Synthesis, Structure, and Ion Selective Complexation of Trans and Cis Isomers of Photochromic Dithia-18-crown-6 Ethers

Abstract

Photochromic styryl dyes containing benzodithia-18-crown-6 and N-substituted benzothiazolium moieties are synthesized and characterized spectroscopically and, for a specific case, by X-ray crystallography. The effects of the N-substituent and of sulfur atom substitution in the crown ether cavity on metal cation complex formation and on photochromism due to reversible trans−cis photoisomerization are evaluated. High selectivities for heavy metal ions, such as Ag+ and Hg2+, are observed, in contrast to the benzo-18-crown-6 dyes which selectively bind alkali and alkali earth cations. Relative complex formation stability constants, determined spectrophotometrically, are converted to absolute values by polarographic measurements. The stability constant for Hg2+ complex formation by the trans dye is enhanced 47-fold upon substitution of the 4-butylsulfonate group for methyl at the nitrogen of the benzothiazolium moiety.
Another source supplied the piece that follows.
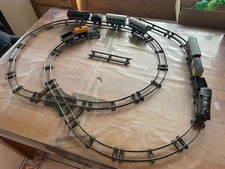 Alte blecheisenbahn konvolut gebraucht kaufen  Ober-Mörlen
Photoisomerization to the cis dye is accompanied by a further 11-fold stability constant increase and by spectral changes that are consistent with formation of an ion-“capped” complex, involving intramolecular coordination of the sulfonate anion to Hg2+. Addition of a large excess of Mg2+ ions disrupts this intramolecular coordination bond without displacing the Hg2+ ion from the dithiacrown ether cavity.